可以用來取代 .map(lambda row: (row['user'], [row['item'], ])).reduceByKey(lambda v1, v2: v1 + v2) 這樣的套路。

matrix = [
    (1, 1, 1),
    (1, 2, 1),
    (1, 4, 1),
    (1, 5, 1),
    (2, 2, 1),
    (2, 2, 1),
    (2, 3, 1),
    (3, 5, 1),
]
df = spark.createDataFrame(matrix, ['k', 'v', 'whatever'])

def seqFunc(item_set, item):
    item_set.add(item)
    return item_set

def combFunc(item_set1, item_set2):
    return item_set1.union(item_set2)

df.select('user', 'item').rdd \
    .aggregateByKey(set(), seqFunc, combFunc) \
    .collect()
# [(1, {1, 2, 4, 5}), (2, {2, 3}), (3, {5})]

ref:
http://codingjunkie.net/spark-agr-by-key/
http://stackoverflow.com/questions/31081563/apache-spark-what-is-the-equivalent-implementation-of-rdd-groupbykey-using-rd

combineByKey()

用來把 RDD[(K, V)] 轉變成 RDD[(K, C)]C 可以是任意的 type。combineByKey() 基本上就是可以手動指定 zero value 的 aggregateByKey()

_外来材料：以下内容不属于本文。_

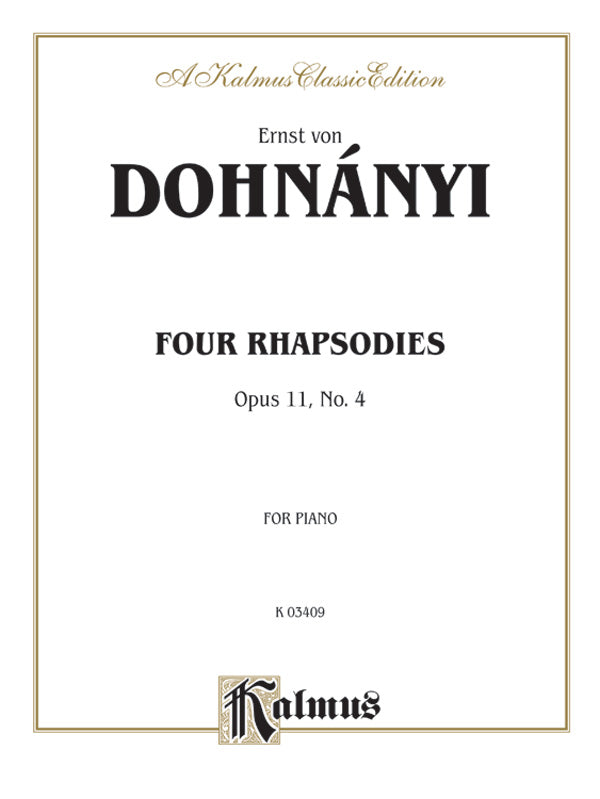 Dohnányi: Rhapsody, Op. 11, No. 4 Sheet Music Preview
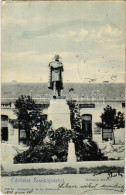 T3 1908 Érsekújvár, Nové Zámky; Kossuth Lajos Szobor, üzletek. Conlegner J. és Fia Kiadása / Statue, Monument, Shops (ko - Non Classificati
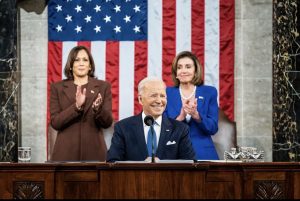 President Biden, Vice President Harris, and Speaker Pelosi at the State of the Union Address.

combineByKey() 接受三個 functions:

  • createCombiner, which turns a V into a C (e.g., creates a one-element list)
  • mergeValue, to merge a V into a C (e.g., adds it to the end of a list)
  • mergeCombiners, to combine two C’s into a single one.
import pyspark.sql.functions as F

matrix = [
    ('chinese', 80),
    ('math', 60),
    ('english', 100),
    ('chinese', 90),
    ('math', 100),
    ('math', 10),
    ('english', 70),
    ('english', 20),
    ('history', 30),
]
df = spark.createDataFrame(matrix, ['subject', 'score'])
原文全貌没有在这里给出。